Elle commence à se lever. Je regarde la petite horloge sur le coin de la table, 18:16. Déjà ?! Je n’ai pas vu l’heure passer. Cela faisait très longtemps qu’un cours de japonais ne m’avait pas autant emballée. C’est une sensation agréable, qui m’insuffle un peu d’espoir.
Tout n’est pas perdu.
– Professeur, je crois… Je crois que je vais arrêter de me forcer pour le N1****. Je me demande si ce ne serait pas utile de repasser le N2 et tenter d’avoir le maximum de points !
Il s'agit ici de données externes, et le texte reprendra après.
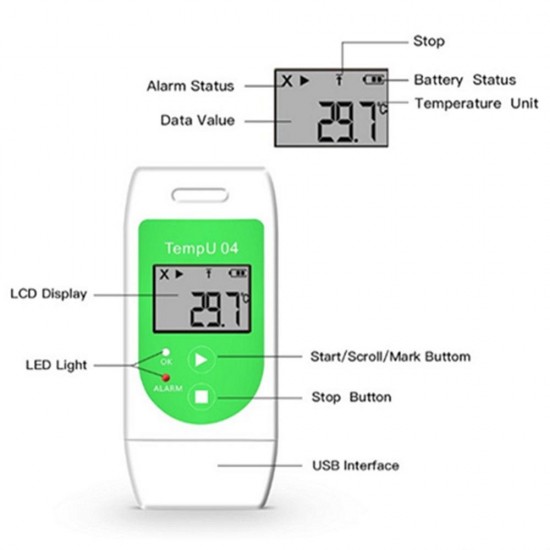 High Precision USB Temperature Logger Recorder Temperature Humidity Data Reusable Recording PDF CSV PI669 High Precision USB Temperature Logger Recorder Temperature Humidity Data Reusable Recording PDF CSV PI669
– C’est une façon de penser intelligente. Je te crois capable de passer le N1, si tu le voulais, mais revoir les bases, c’est aussi plus motivant.
Ce petit bout de femme m’enseigne le japonais depuis presque deux ans. Elle est toujours bien habillée – en tailleur, reste de ses années en entreprise et sans doute de son passage dans la stricte société coréenne. Les cheveux courts, elle a toujours un maquillage discret et des bijoux assez chics. Elle est dévouée à la cause du japonais. Récemment, elle s’est même mise à bloguer. Avec passion même ! Je suis de loin ses articles réguliers sur la linguistique, l’anglais, mais aussi l’apprentissage du japonais… On s’incline.
18:39 Mon regard glisse sur les enseignes, les panneaux, les affiches. Depuis quand suis-je capable de comprendre sans prêter attention à la langue ? Je me surprends moi-même. Plus j’ai l’impression de régresser, plus je me débrouille. Mais dans mon esprit, le japonais me semble encore pour beaucoup tenir du hiéroglyphe indéchiffrable.
***
*Kpop : genre musical originaire de Corée du Sud (Korean Pop). Il recouvre principalement les genres dance-pop, pop ballad, électronique, rock, hip-hop et R&B.
**Kanas : syllabaires japonais, hiragana et katakana.
***Shogi : jeu de société combinatoire abstrait traditionnel japonais, se rapprochant du jeu d’échecs, et opposant deux joueurs.
****N1 : référence au JLPT, Japanese Language Proficiency Test, un examen d’aptitude en japonais divisé en 5 niveaux (N1 étant le plus élevé, N5 le plus faible), certifiant le niveau de locuteurs non-natifs.